Posted by admin on June 25, 2015

Retirement, pensions and inflation.

Pensions freedom is the phrase on everyone's lips. Barely a day goes by when someone doesn't ask me about it or mention it in passing. Newly liberated from the shackles of compulsory annuitisation,many of us are in danger of behaving like metaphorical rabbits, sitting in the middle of the road, mesmerised by onrushing headlights and forgetting all manner of important things like the need to get out of the way!

 One way or another, pensions freedom means that we will have to keep more than a weather eye on investments and investment strategy in future. No longer can we simply choose to forget about the investments underpinning our pension. The luxury of buying an annuity and watching the money come in while we toy with the 25% tax free cash, has gone.

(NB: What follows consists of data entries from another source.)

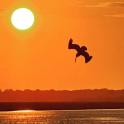 a bird flying over the water at sunset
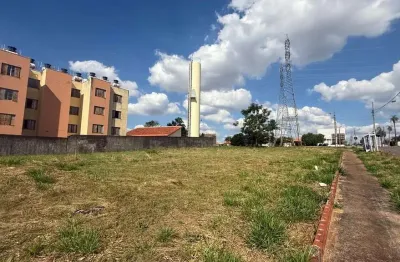 Terreno comercial à venda na Avenida Pintassilgo, 1910, Parque das Laranjeiras, Maringá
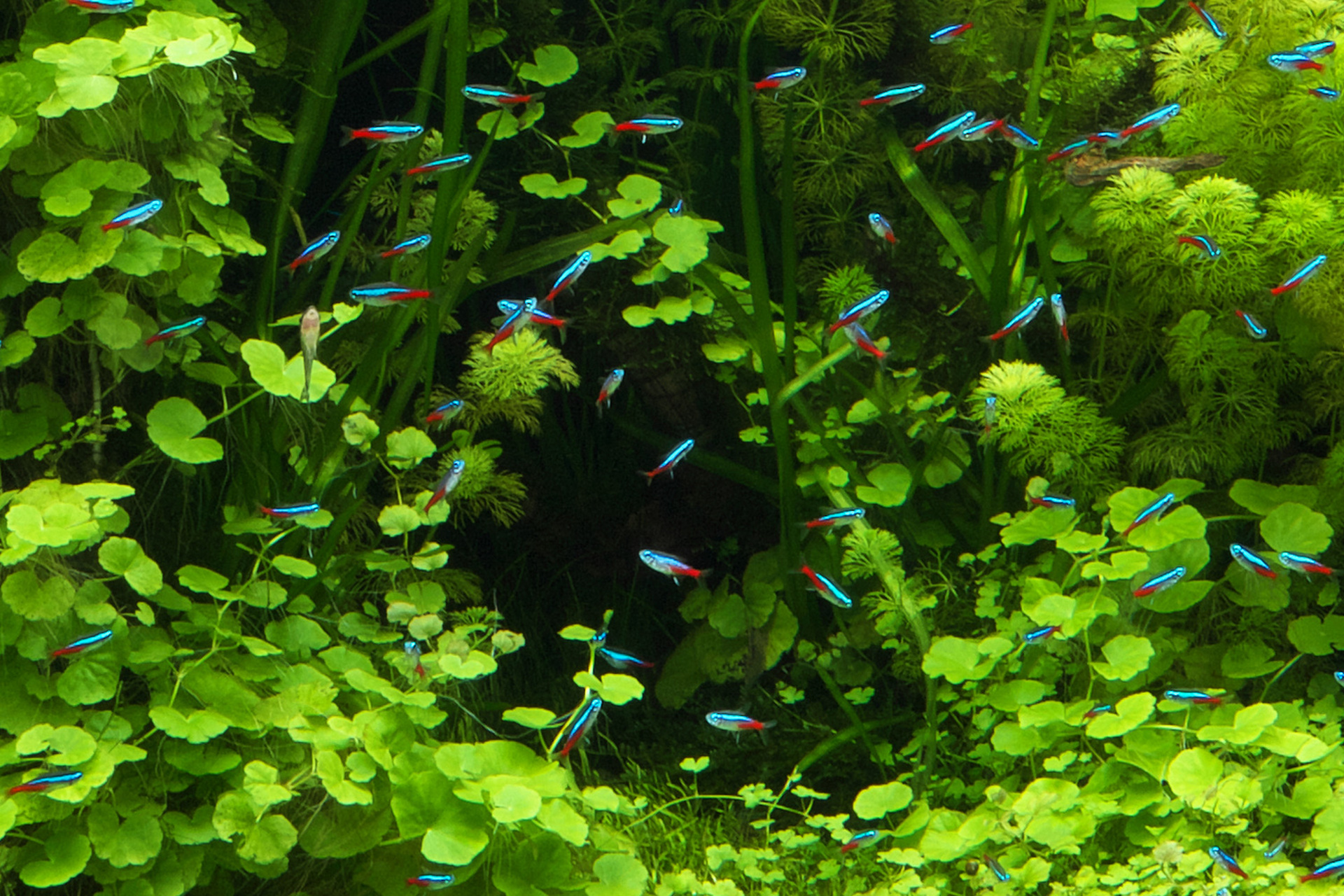 霓虹灯鱼又被称为红绿灯鱼,红莲灯鱼.鱼纲,脂鲤科(拟鲤科).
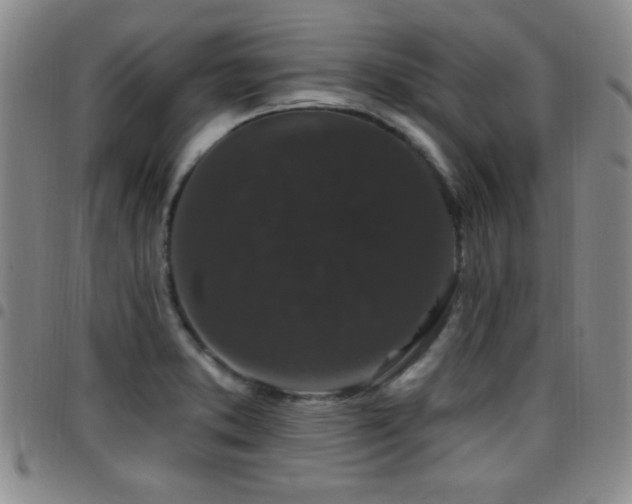 X0000097891373200803141323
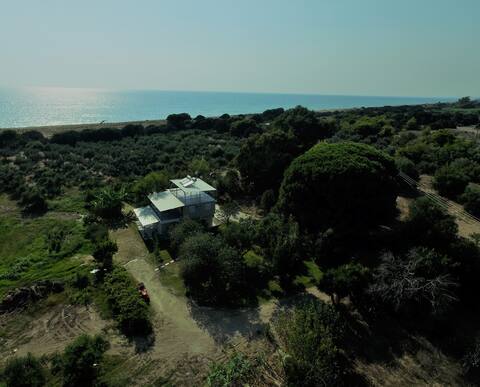 Ktima Bilioni 2 near Olympia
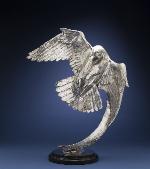 JoeCampbellFalconFlight1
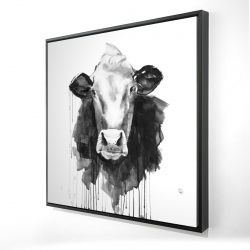Vache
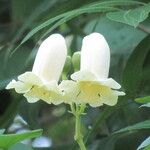 Amphilophium crucigerum Flor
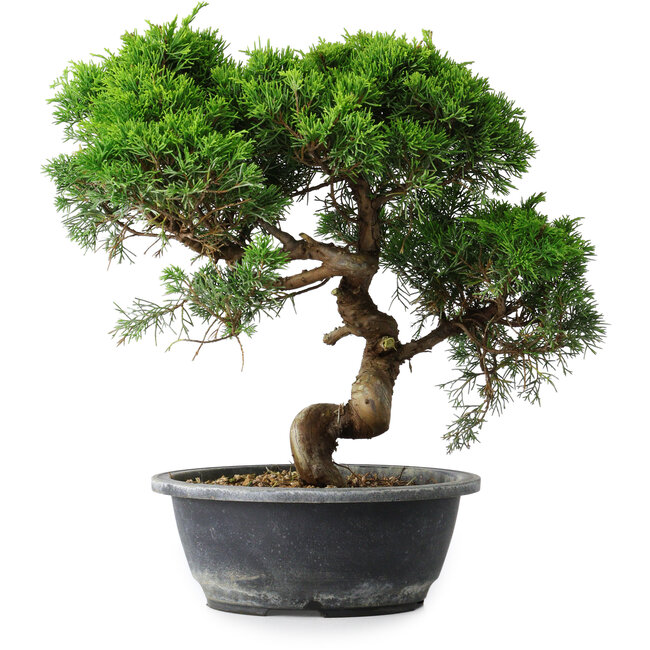 Juniperus chinensis Itoigawa, 32 cm, ± 15 años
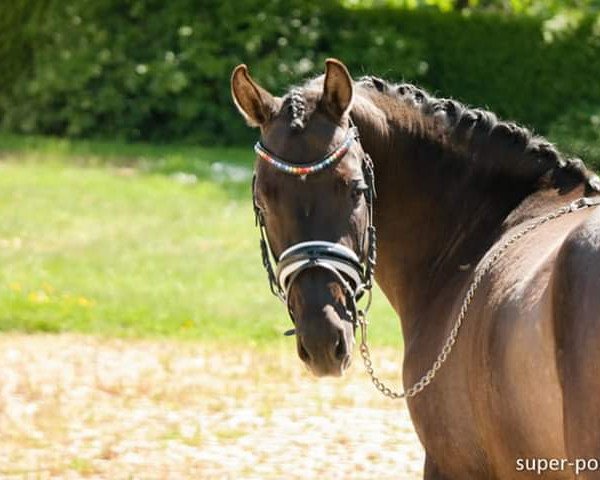 Zuchtstute Vitamin B (Deutsches Reitpony, 2017, von Valido's Grey Star G)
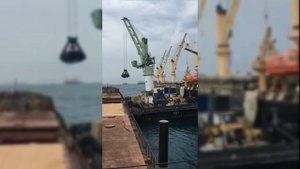 Погрузка и разгрузка зерна на судно.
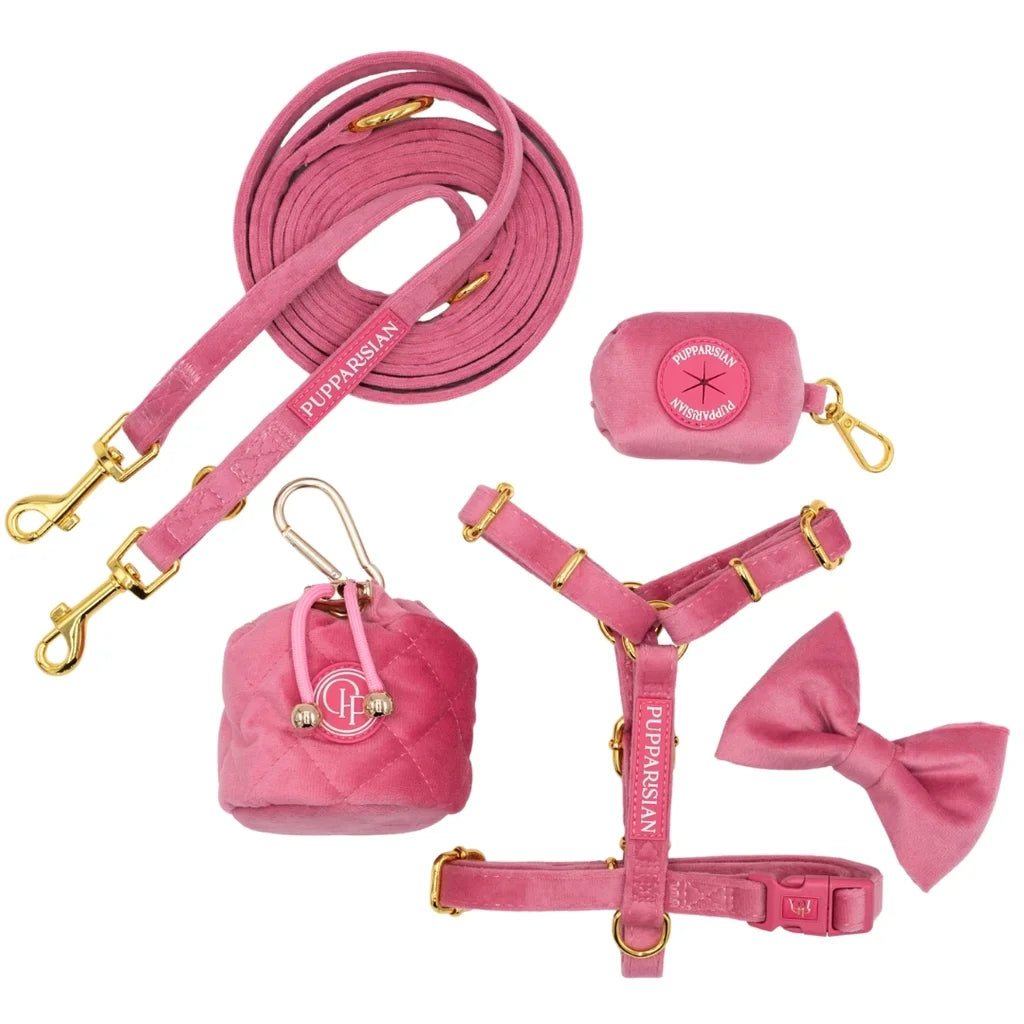 Verstellbare Samt-Hundeleine 3 m – Rosa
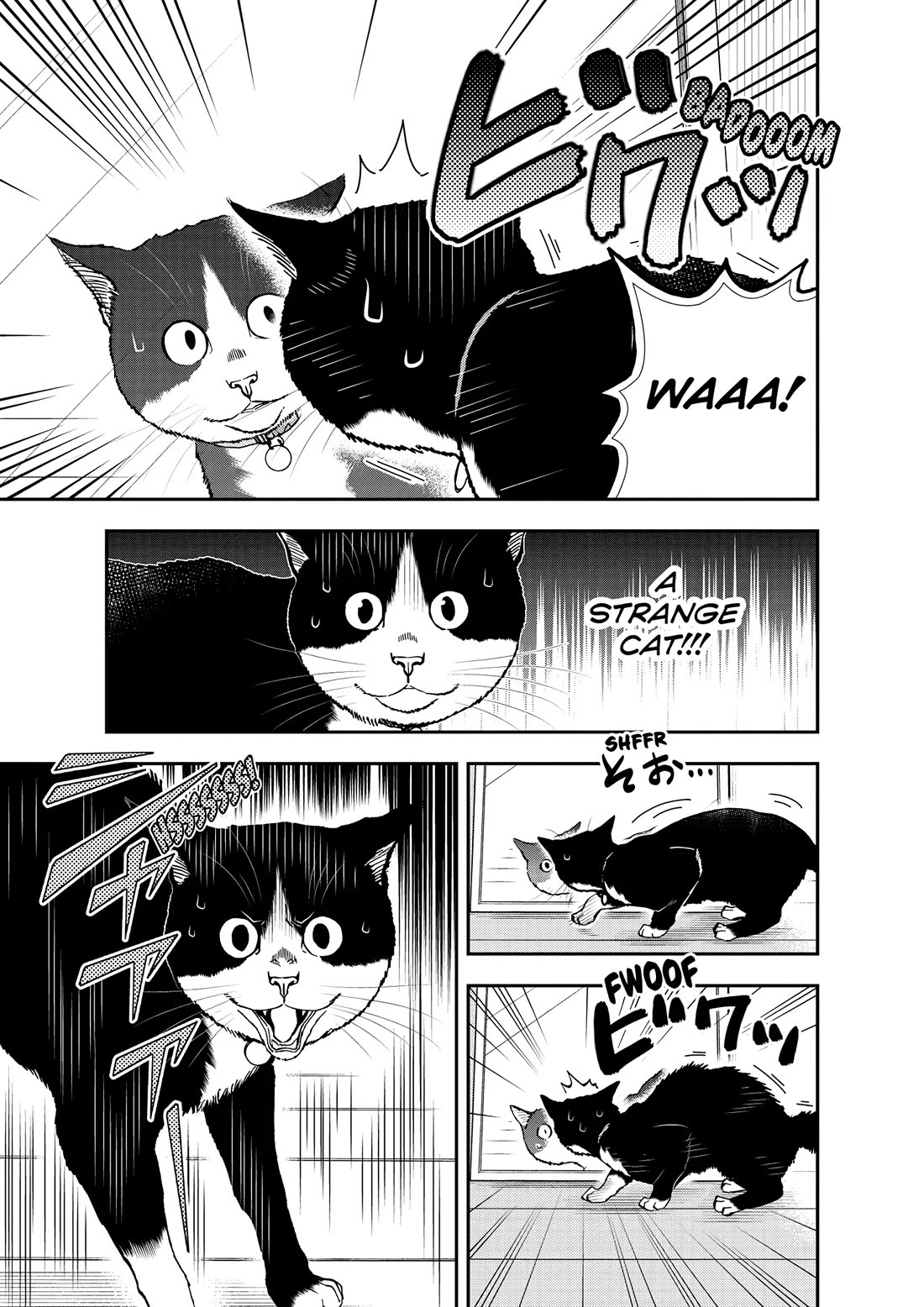 A Gamer Living with a Cat Chapter 55 page 7 - Chapter 55: Cats and Mirrors
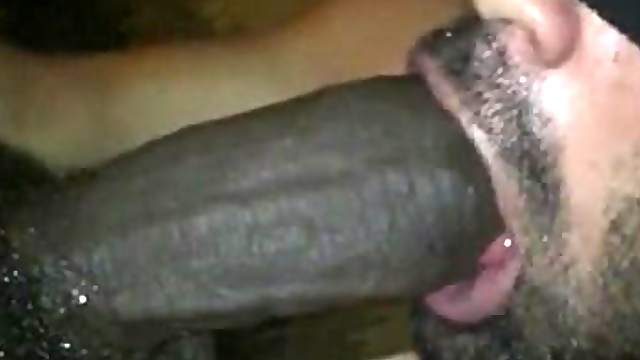 Light skinned dude deepthroats and chokes on his hung mate's fat black cock.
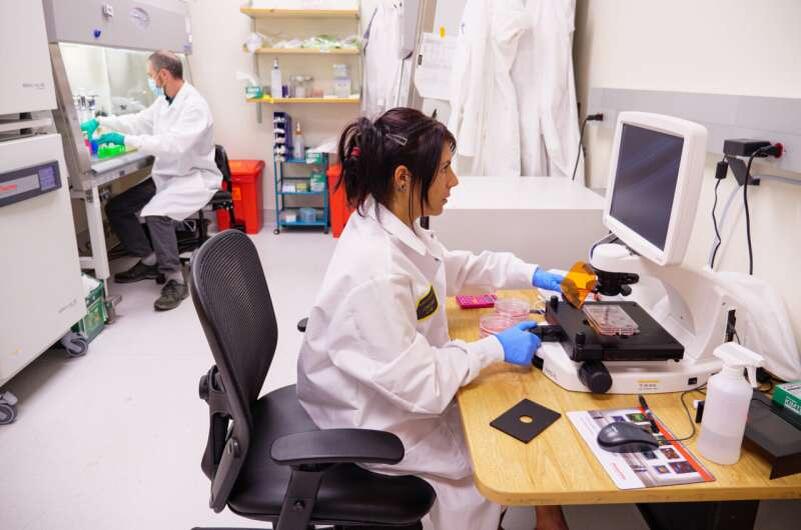 Первый автор статьи Джулия Паскези в лаборатории Университета Колорадо в Боулдере. Автор: CU Boulder.  https://scx1.b-cdn.net/csz/news/800a/2024/a-dial-for-tuning-the.jpg  https://medicalxpress.com/news/2024-12-immune-tuning-dial-covid-sicker.html 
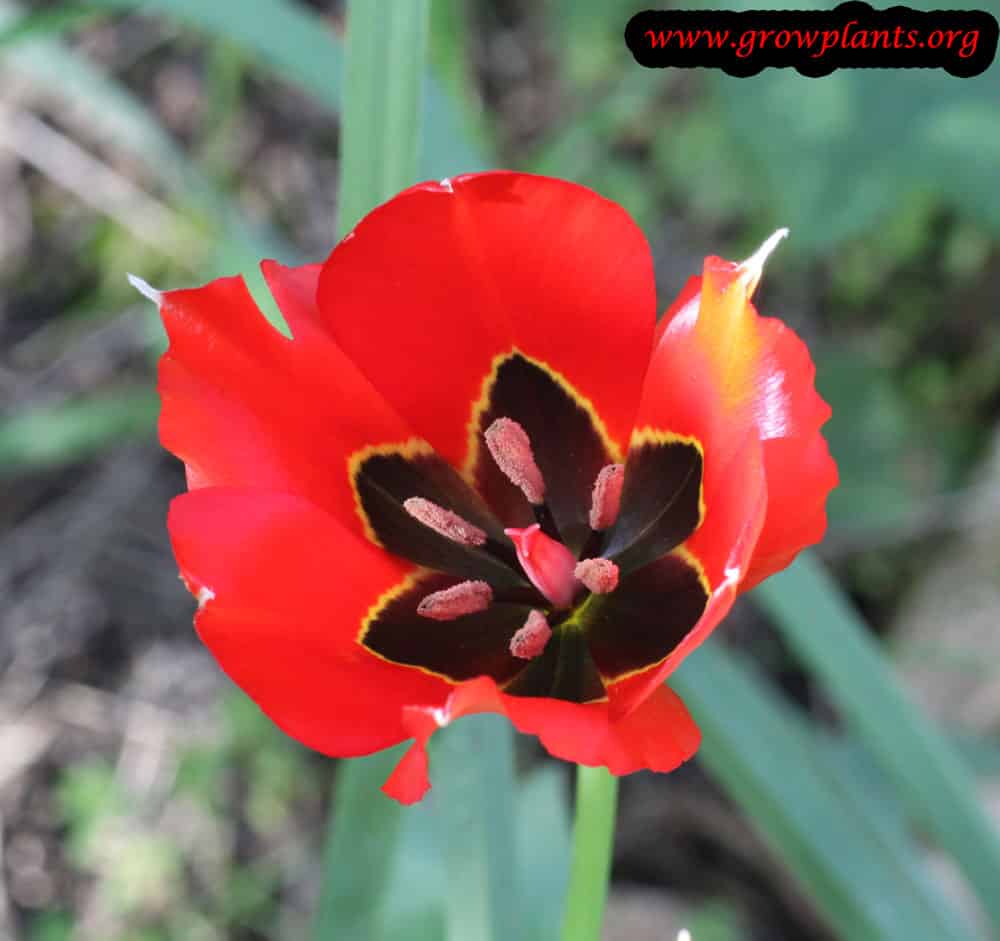 Tulip flower open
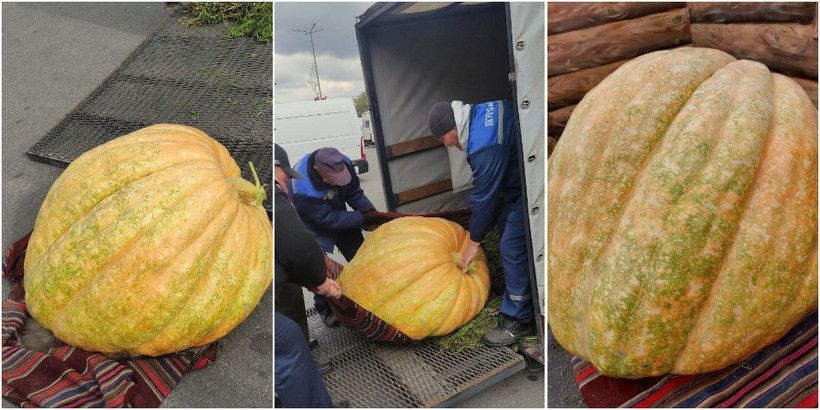 В Бресте выросла тыква-гигант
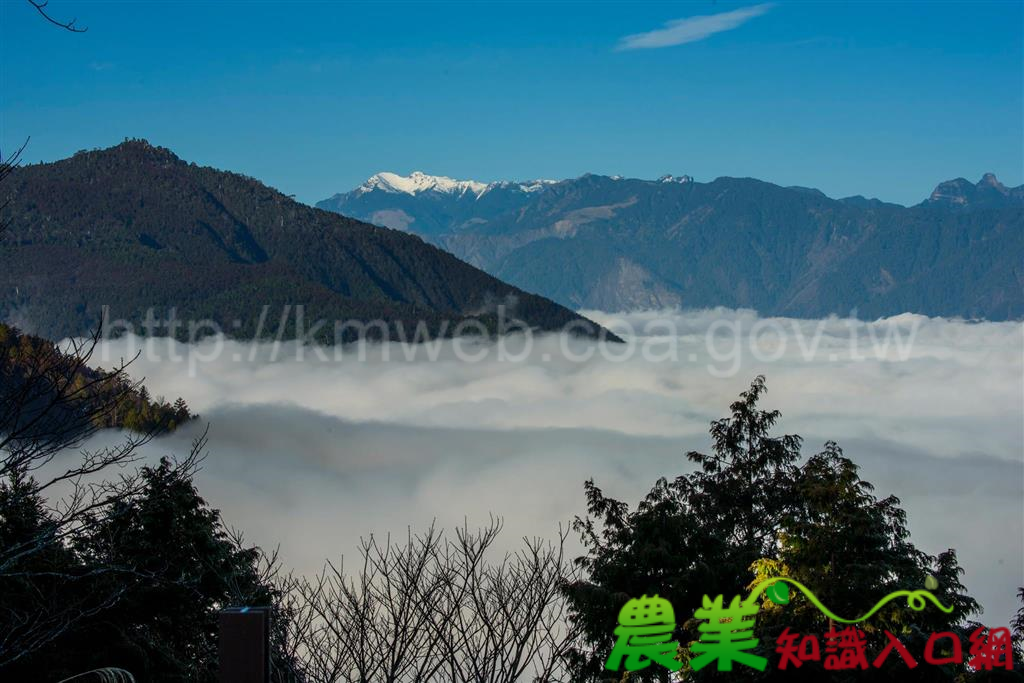 春遊太平山 坐看雲起時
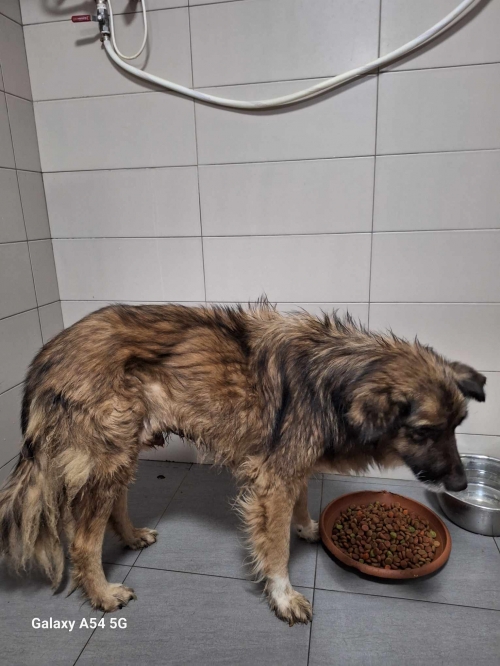 მეტისი ლომა. გლდანი 3 ა მკ კორ. 17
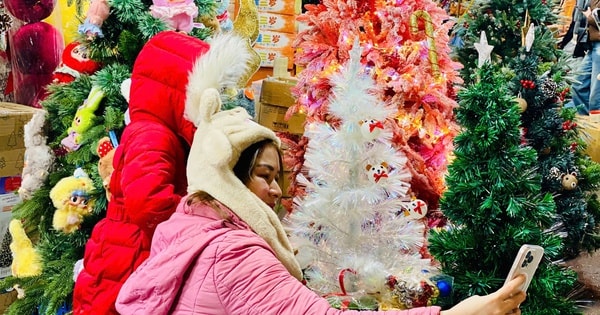 Thị trường Noel 2024: Cây thông Noel ‘túi mù’ giá tiền triệu hút giới trẻ có gì đặc biệt?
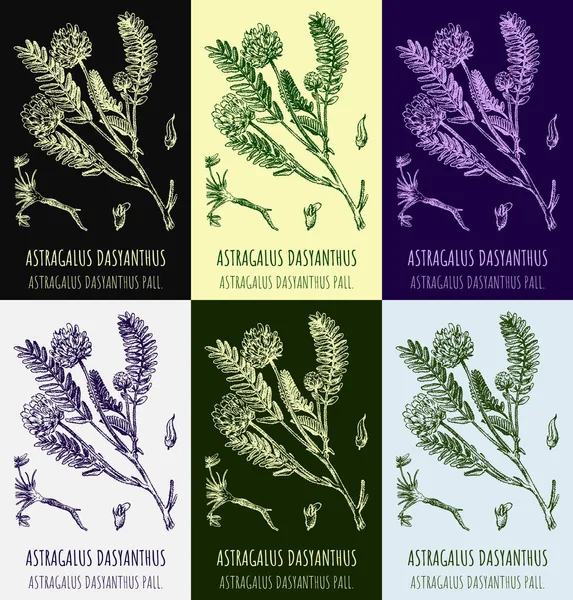 stock image Set of drawings of astragalus in different colors. Hand drawn illustration. Latin name Astragalus dasyanthus.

In future, we will all have to concentrate on investment strategy, risk, return and all manner of variables, and not least among these is inflation.

 Inflation...with the Consumer Prices Index (CPI) suggesting that living costs are barely moving in many parts of the developed world and with negative inflation in the UK, many investors are beginning to wonder whether protecting their savings from inflation is even worth the bother.

 The policies of Quantitative Easing and record low interest rates were supposed to stoke the fires of inflation but despite the enormous amounts of money allocated to the strategy thus far, the nascent global economic recovery has yet to had much (upward) impact on prices.

So why worry? Moving slightly to one side of the official, Government, pronouncements there is an area of concern that relates specifically to the retired population.Identified some years ago by Age UK is the fact that, as we age, so our spending habits change.

 In our early adult life we tend to spend most of our disposable income on televisions, holidays, games, toys and hobbies, cameras, clothes, alcohol etc and according to the Office for National Statistics these are all areas which have benefitted most from deflation. TVs, cameras and computers for example have fallen in price by 61% in the last decade, with clothing and footwear, games and hobbies benefitting from 19% and 18% falls respectively.

 Source: Office for National Statistics 

On the other hand, the last ten years has been witness to an increase in electricity costs of 105%, a 34% hike in health costs with food and drink jumping by 42%. These are all core expense areas for the retired and as we get older, they start to make up more and more of our expenditure. Research by Age UK found that 'since January 2008, Silver RPI has averaged 4.6% a year'.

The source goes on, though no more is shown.